FUNDING TO DELIVER BETTER SERVICE FOR AIR TRAVELLERS
Requesting $12M (contingent liability – unannounced) for the 2020-21 Supplementary Estimates B
The CATSA Commercialization Initiative is seeking access to ($12M) in planned spending authorities.
Key Messages:
- This contingent operating funding was provided in Budget 2019 but was unannounced given negotiation sensitivities.
- The objective of the contingent funding is to enable the industry consortium to engage in substantive negotiations with the Government of Canada to acquire the assets and operations of the Canadian Air Transport Security Authority (CATSA).
- The contingent funds are important for facilitating negotiations associated with the transfer of CATSA to a new, independent, not-for-profit entity.
- Once negotiations and the subsequent transaction concludes, Canadians can expect a more nimble, responsive, and innovative screening authority. If pressed:
- The funds are contingent and support risk mitigation aligned with common practice for this type of transaction.
Background
- Budget 2019 announced that the Government would transfer CATSA to an independent not-for-profit entity. This new entity will have a membership that includes airport, airline, and federal government representation. Enabling legislation was included in the Budget Implementation Act which received royal ascent in June 2019.
- This transfer will in no way change or compromise safety and security. The Government will continue to play an exclusive regulatory and oversight role for security screening services at Canadian airports.
- Once established, the new not-for-profit corporation will ensure a long-term efficient and sustainable approach to a key service that Canadian and international travellers rely on. This initiative is based on the past success of Nav Canada (Canada’s air navigation service provider), which was commercialized in 1996 and has been very successful in reducing fees, driving technological innovation, and improving services while maintaining our world-class safety record.
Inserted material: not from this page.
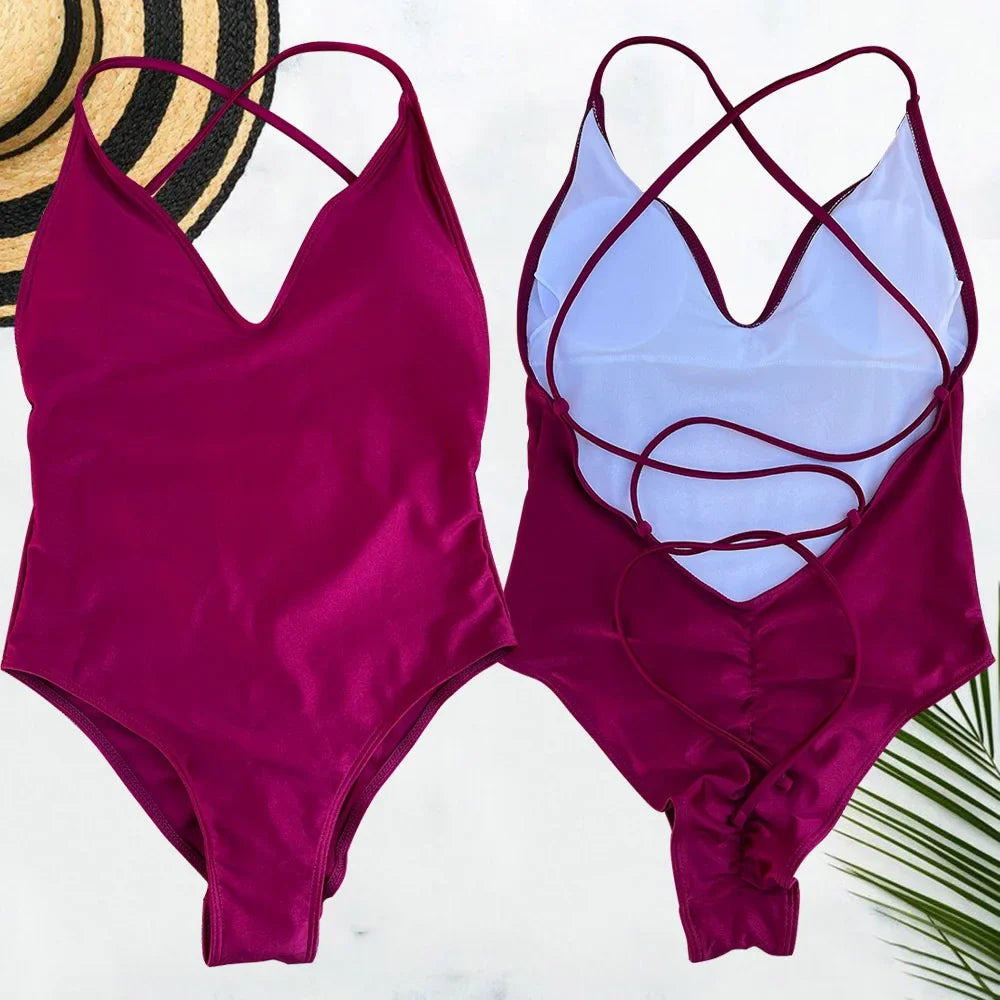 Solid One Piece Swimsuit Women Swimwear 2025 New Bikini Sexy Bodysuit Plus Size Bathing Suit Swimming Suit Maillot De Bain Femme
- Included in the Budget 2019 funding related to this initiative was an unannounced $12M contingent liability to be placed in a frozen allotment and facilitate the establishment of an Expense Reimbursement Agreement (ERA) whereby the purchaser’s approved due diligence and negotiation expenses are reimbursed up to an agreed cap if negotiations fail. ERAs and similar instruments are common practice in these types of transactions and it is an important de-risking tool to facilitate the participation of targeted purchasers. The ERA established by the Government and industry consortium includes a provision requiring confidentiality concerning the terms of the agreement.